• [WHAT TO PRODUCE]: Restate word for word the entries below, starting with the line with "1320 Harlaxton Rd, Evansville, IN" and continuing through the line with "DOSE Coffee Co. / Riverfront". Include both of those lines and no others.

• [RECORDS]:
----

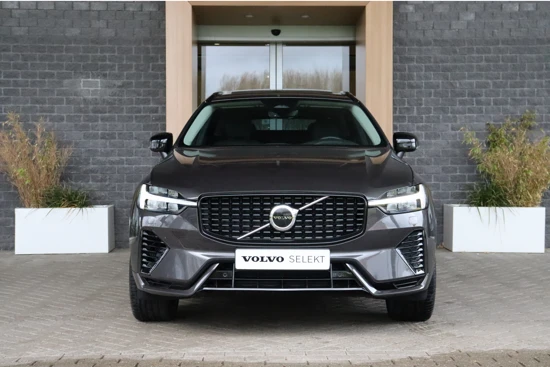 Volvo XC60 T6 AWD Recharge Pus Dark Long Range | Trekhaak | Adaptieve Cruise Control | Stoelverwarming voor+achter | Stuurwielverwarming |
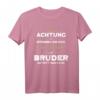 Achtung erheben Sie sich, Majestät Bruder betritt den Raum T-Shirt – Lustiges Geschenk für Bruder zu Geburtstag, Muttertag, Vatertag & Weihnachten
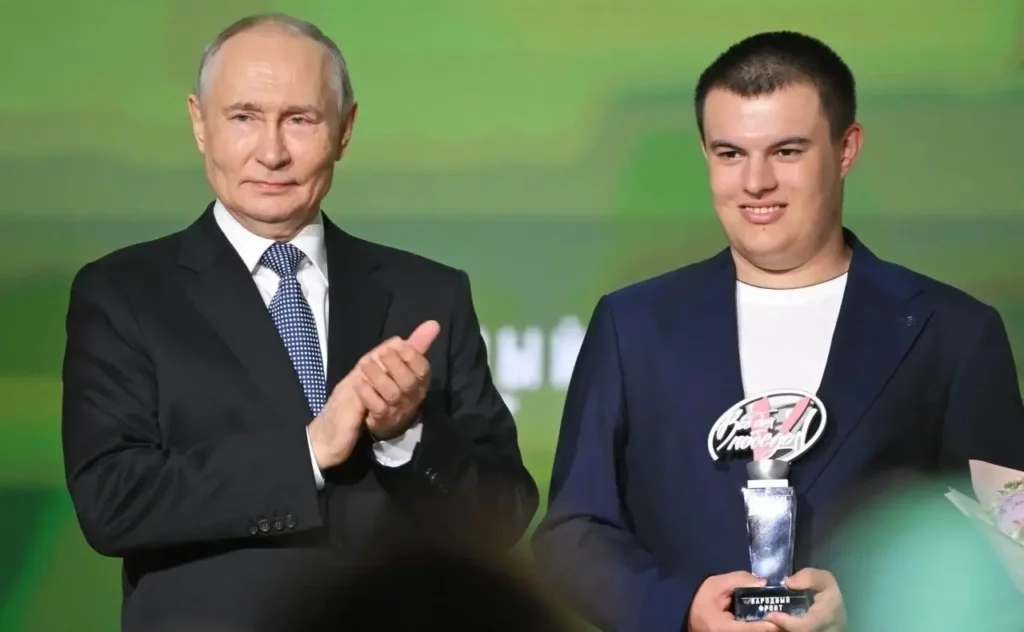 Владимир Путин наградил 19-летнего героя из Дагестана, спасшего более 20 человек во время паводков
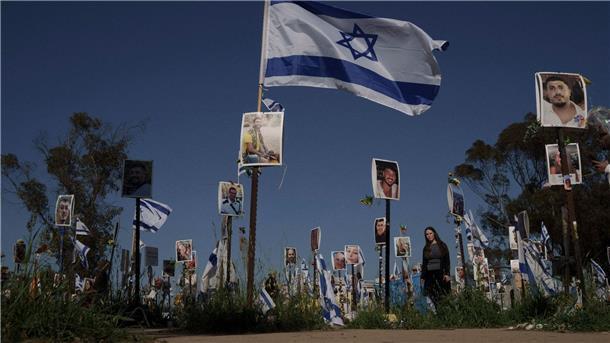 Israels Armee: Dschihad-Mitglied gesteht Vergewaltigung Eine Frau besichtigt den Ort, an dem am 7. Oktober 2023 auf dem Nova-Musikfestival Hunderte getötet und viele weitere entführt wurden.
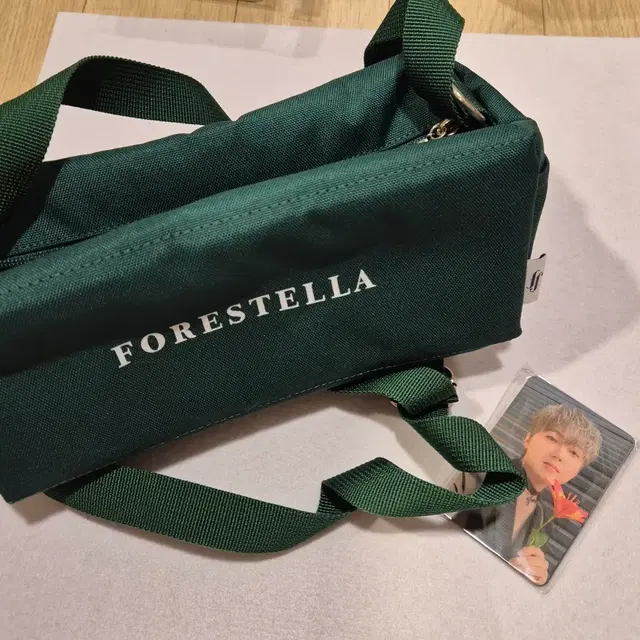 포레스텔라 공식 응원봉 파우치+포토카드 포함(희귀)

----

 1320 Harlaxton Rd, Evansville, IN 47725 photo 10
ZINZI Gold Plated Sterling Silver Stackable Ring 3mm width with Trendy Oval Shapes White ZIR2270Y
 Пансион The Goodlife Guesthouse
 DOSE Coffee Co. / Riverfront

----

• [FINISHED TASK]:
 1320 Harlaxton Rd, Evansville, IN 47725 photo 10
ZINZI Gold Plated Sterling Silver Stackable Ring 3mm width with Trendy Oval Shapes White ZIR2270Y
 Пансион The Goodlife Guesthouse
 DOSE Coffee Co. / Riverfront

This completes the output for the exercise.